*** MATERIAL PROVIDED Section Begins ***
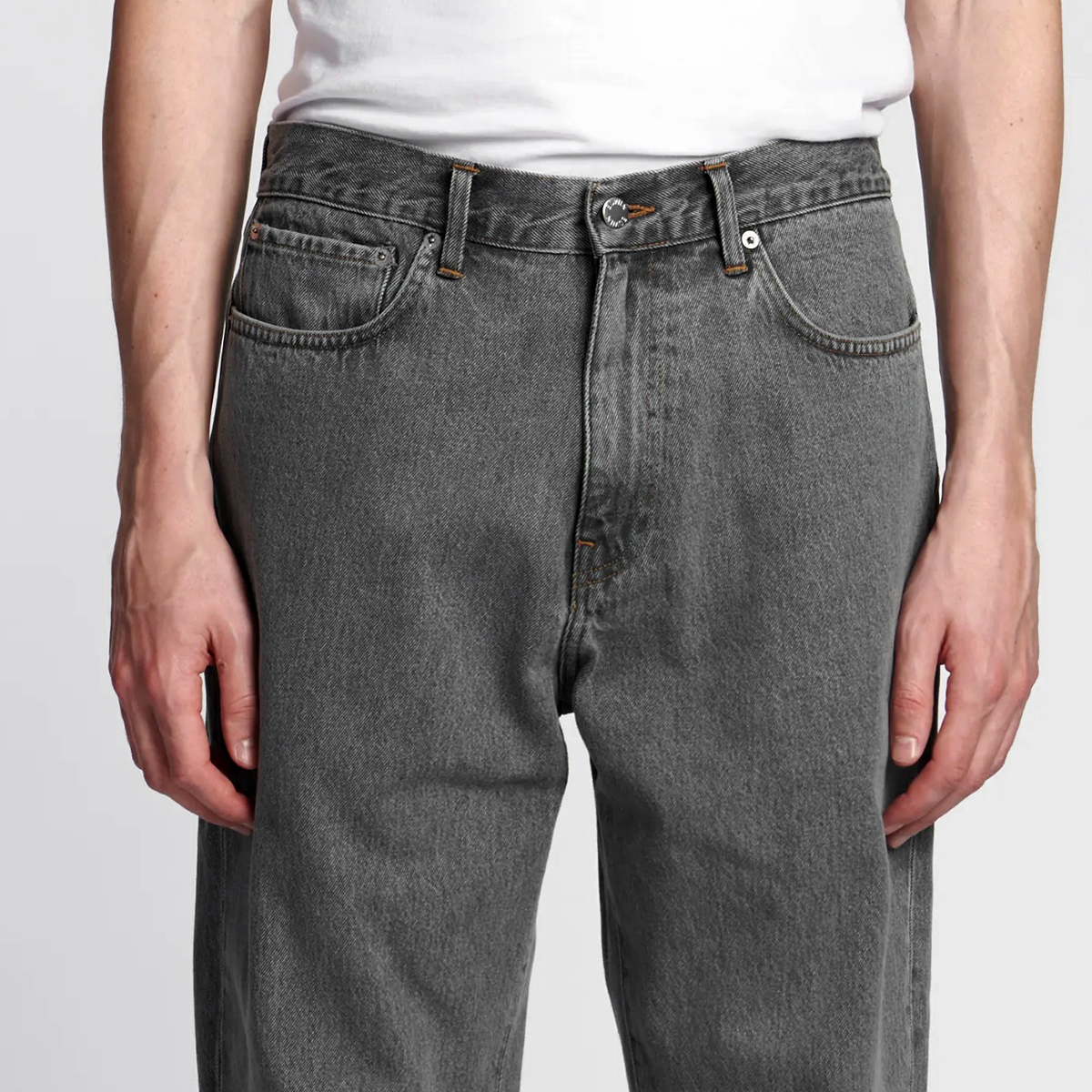 Cosmos Pant - Pembroke Black Denim 13,56 oz - Black Heavy Bleach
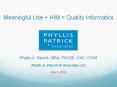 Meaningful Use   HIM = Quality Informatics PowerPoint PPT Presentation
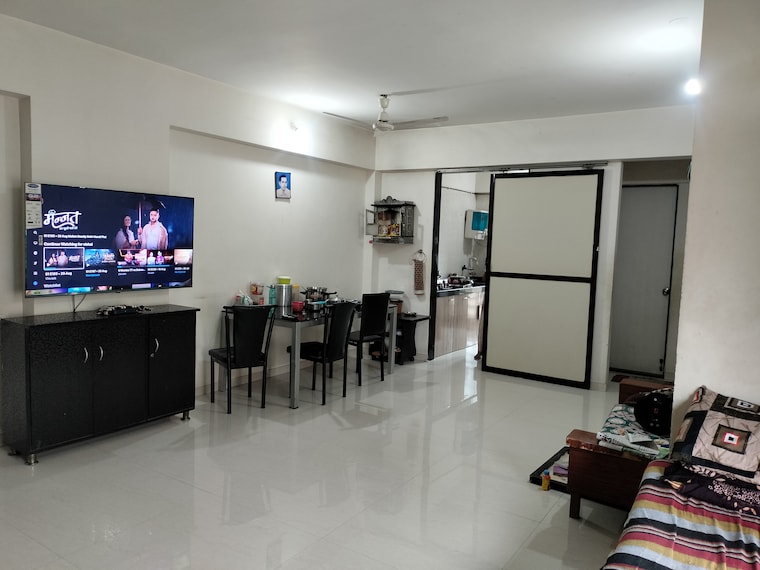 Living Room, rdc-pinewood 2 Bedroom 700 Sq.Ft. Apartment In Kasarvadavali Thane 9089226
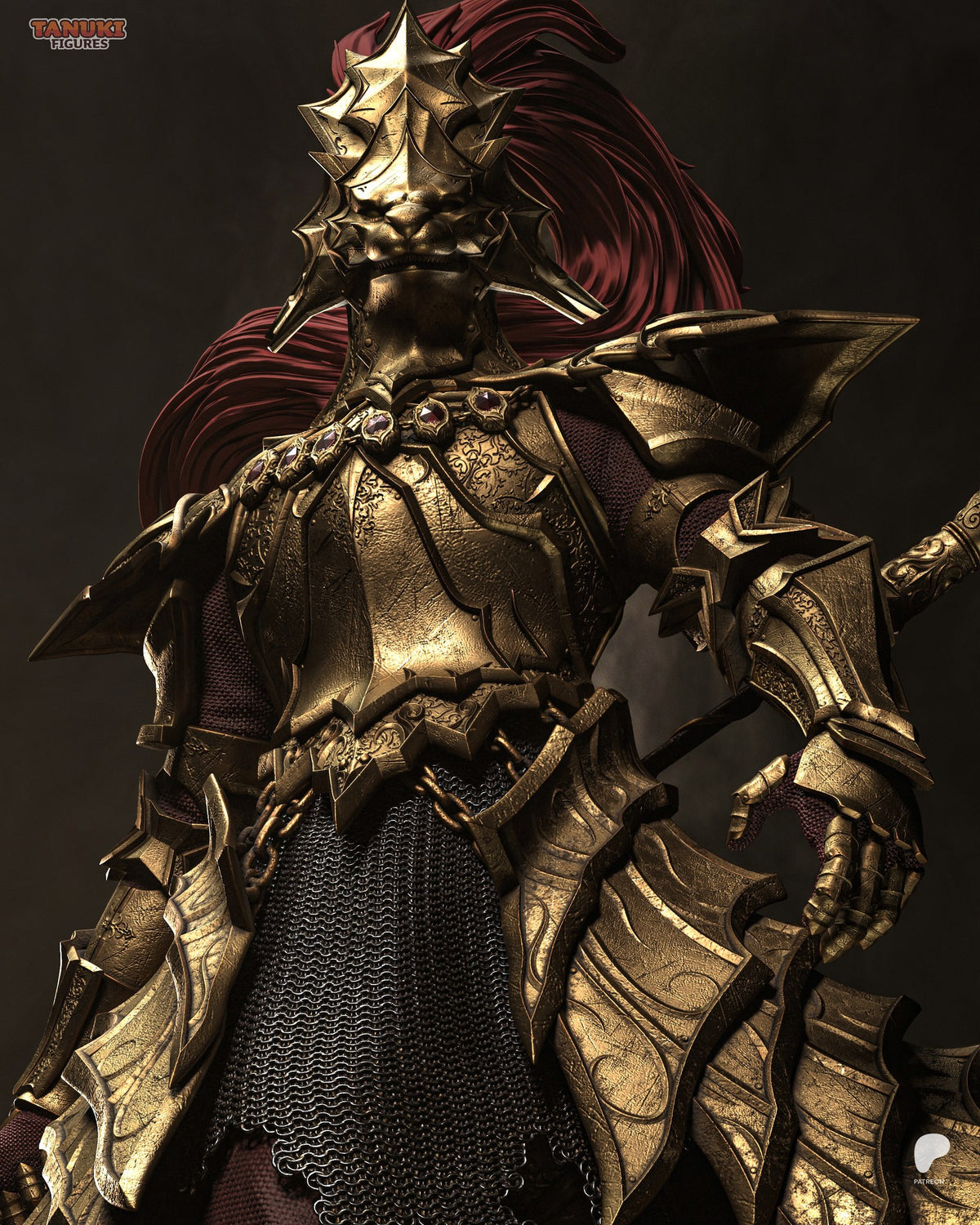 Ornstein (Dark Souls) resin figure by Tanuki Figures — studio render 7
*** MATERIAL PROVIDED Section Ends ***
### WHAT YOU ARE ASKED TO DO
Retype precisely, and only, the lines from the one holding "PowerPoint PPT Presentation" through the final line of the data above, with the pictures omitted.

### TASK RESULT
 Meaningful Use   HIM = Quality Informatics PowerPoint PPT Presentation
 Living Room, rdc-pinewood 2 Bedroom 700 Sq.Ft. Apartment In Kasarvadavali Thane 9089226
 Ornstein (Dark Souls) resin figure by Tanuki Figures — studio render 7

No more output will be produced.